Padres on Cardboard: MrDanielX Edition

Its been a while since I have contributed anything meaningful to Gaslamp Ball, for that I apologize. A combination of adjusting to married life, bitterness for being passed for for the Travelling Jersey (I'll admit it) when I offered to bring it on my honeymoon, and the fact that I generally contribute on transaction value to the team and the Padres have not done much of anything worthy of a comment have all been factors.

However, here we are! Spring Training close at hand, the bitter cold (30 degree mornings is bitter cold in San Diego) giving way to less bitter cold but still cold mornings. Hope abounds as the season gets ready to kick off.
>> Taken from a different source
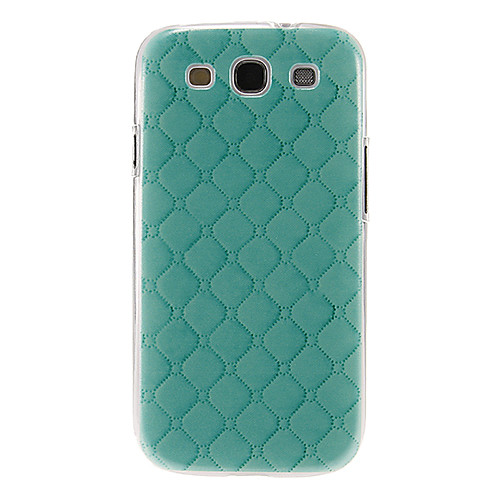 Светло-зеленый Gridding Pattern пластиковые Защитные Жесткий задняя крышка Крышка для Samsung Galaxy S3 I9300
In resent years my 11 year old nephew has been very interested in my baseball card collection. It is a modest collection mostly of 1988/1989 Topps, and 1992 Donruss. I have a few other "Sets" of mid 80's (earliest I have is 86) to early 90's Upper Deck and Topps cards but they are all in boxes and not in display folders. However, I recently watched my nephew for a few hours and took out my 1989 Topps cards to show my nephew.

So, with many props to TheThinGwynn for the overall inspiration in these types of posts. I will give a little story about myself and my own Padres on Cardboard.



When I was 8 I went just as batsh*t crazy as any other kid for the ice cream man. It was not for the frozen confections however, it was for the baseball cards and rock hard gum. There was something very "Laura Ingells Wilder" about it all when I think about it. My family was pretty poor neither parent had college degrees, they were going through a messy divorce but they always managed enough change so I could go out and spend .75 on a pack of baseball cards.

I specifically remember the waxy paper, and turning it over and over again in my hands before opening it. When I would open it I had a very specific order I would do things.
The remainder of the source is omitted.